The beam shifted. Tilted. With a final, screeching protest, it slid off Shepard's chest and crashed to the ground beside them, sending up a cloud of dust and debris.
Liara collapsed forward, her hands finding Shepard's face, checking her airway, her pulse, the rise and fall of her chest. Still there. Still fighting.
"We need to get her out of here," Garrus said, already scanning the wreckage around them. "The emergency barriers won't hold much longer. If we lose atmosphere—"
"I know." Liara's hands were already working, finding the seals on Shepard's armor, checking for additional injuries she couldn't see. "Help me get her clear. Carefully. I don't know what's broken."
Garrus moved to Shepard's feet, lifting her legs with a gentleness that belied his size. Liara slid her arms beneath Shepard's shoulders, cradling her head against her chest, and together they lifted her free of the debris that had held her captive.

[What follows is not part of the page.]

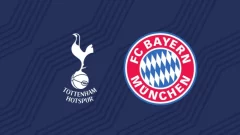 ¿Juegan Luis Díaz y Cuti Romero? Todo lo que debes saber del Bayern Múnich vs. Tottenham EN VIVO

Shepard was light. Too light. The armor was heavier than she was, and Liara could feel the fragility of the body beneath it—the wasted muscle, the sunken hollows of a woman who had given everything she had and then some.
But she was breathing.
And as Liara carried her through the wreckage of the Citadel, past the bodies of the fallen and the shattered dreams of a galaxy trying to rebuild, she felt Shepard's hand twitch against her chest. A small movement. Unconscious. Involuntary.
But it was there.
Liara pressed her lips to Shepard's hair, tasting blood and ash and the faint, familiar scent of her—the one that had survived even the destruction of a station, even the weight of a war, even the threshold of death itself.
"I've got you," she whispered. "I've got you. And I'm not letting go."
The emergency barriers hummed their failing song. The stars watched through the shattered dome. And somewhere in the distance, a ship was waiting—the Normandy, its engines warm, its crew holding their breath—ready to carry them home.